While life-cycle management might not be a novel concept, the reality is that the evolution of mobile technology, accelerated hardware obsolescence, and sheer volume of test software are making this task increasingly difficult. Best-in-class organizations are rearchitecting test strategies to gain a competitive advantage amid the growing challenge of life- cycle management. Evolution of OS Life Cycles Within a decade, OS providers have transitioned from releasing a single OS and maintaining it for several years, such as Microsoft Windows XP (which was supported for 13 years), to today’s paradigm that targets mobile users that expect constant upgrades. This requires OS providers to frantically release new versions and retroactively fix bugs in daily updates. Global market intelligence firm IDC forecasts that smartphones and tablets will control 88.4 percent of the smart-connected device market by 2019, leaving portable and desktop PCs with only 11.6 percent. As mobile devices control vast majority of the market, OS providers will continue to prioritize the mobile user. This shift poses a monumental hurdle for test systems that rely on a stable OS to eliminate the need for system revalidation. As a result, some organizations are moving to Linux-based systems to have more control over the OS. Another approach is to minimize the number of OSs to reduce the burden for test engineering and IT organizations. Many legacy test systems contain several OSs (one for each unique box instrument), which introduces the risk of revalidation due to individual OS updates.
One major benefit of modular platforms, such as VXI or PXI, is the single OS controlling all instruments in the chassis or system.
Accelerated Decay of VXI and Legacy Instruments
In the late 1980s and early 1990s, the aerospace and defense community standardized on VXI as the modular commercial off-the-shelf platform for ATE systems. However, as VXI grows obsolete and support diminishes for legacy instruments, programs are under increased pressure to migrate to a stable alternative. This is compounded by a looming RoHS conversion deadline, which will increase the rate of component and instrument EOLs.
Over the past decade, PXI has replaced VXI as the de facto modular platform for ATE systems due to the size, performance, cost, and level of innovation in the platform. Global consulting firm Frost & Sullivan expects PXI to grow by 17.6 percent annually, which accounts for most of the expected growth for the test and measurement industry. With nearly 70 vendors offering more than 1,500 PXI instruments and a steady stream of innovation, PXI will continue to provide increased value to long-life-cycle ATE systems.
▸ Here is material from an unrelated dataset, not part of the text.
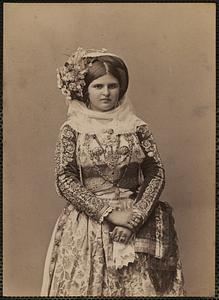 Studio portrait of woman in traditional Greek dress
As teams migrate from VXI-based to PXI-based test systems, the investment required to modernize hardware will typically pale in comparison to that of updating and revalidating software. Due to the criticality of the system and the tight regulations for requirements tracking and software validation, simply opening, saving, and revalidating a test program set (TPS), or test sequence, can cost hundreds of thousands of dollars. This has created an environment where companies must rethink their software strategies or risk hemorrhaging money to sustain legacy testers.
Since minor software changes can greatly impact TPS compatibility, instrument vendors should offer TPS-compatible hardware migration options. This includes preserving driver functionality, APIs, and dependencies between driver versions to minimize the impact on the hardware abstraction layer. For example, NI is collaborating with Astronics Corporation to bring remaining VXI instruments into the PXI platform, such as the Astronics PXIe-2461 frequency time interval counter, which preserves TPS compatibility with legacy systems. Despite their best efforts, vendors cannot always provide TPS-compatible alternatives. In these situations, a common approach is emulating legacy instrument functionality. Recently, engineers have adopted software-designed instruments with user programmable FPGAs to augment standard instrument capabilities with custom functionality to emulate legacy behavior. For example, filters and triggers that were common in instruments 20 years ago and obsolete in today’s instruments can be reengineered.
To maintain margins while the average sales price shrinks, companies must reduce the cost of semiconductor design and test. Given that test cost is often nearly half of the cost of goods sold, according to IC Insights, RFIC suppliers have a renewed focus on decreasing the cost of manufacturing test. Over the past decade, this intense focus has produced a significant shift from using turnkey ATE solutions to building in-house and cost-optimized testers based on off-the-shelf instrumentation. The ability to specify a tester for a specific IC device—along with improvements in instrumentation technology—can significantly reduce test cost. This shift to a custom tester approach has been a large factor in the success of modular instrumentation platforms like PXI in manufacturing particularly because modular instruments have shown excellent value per performance.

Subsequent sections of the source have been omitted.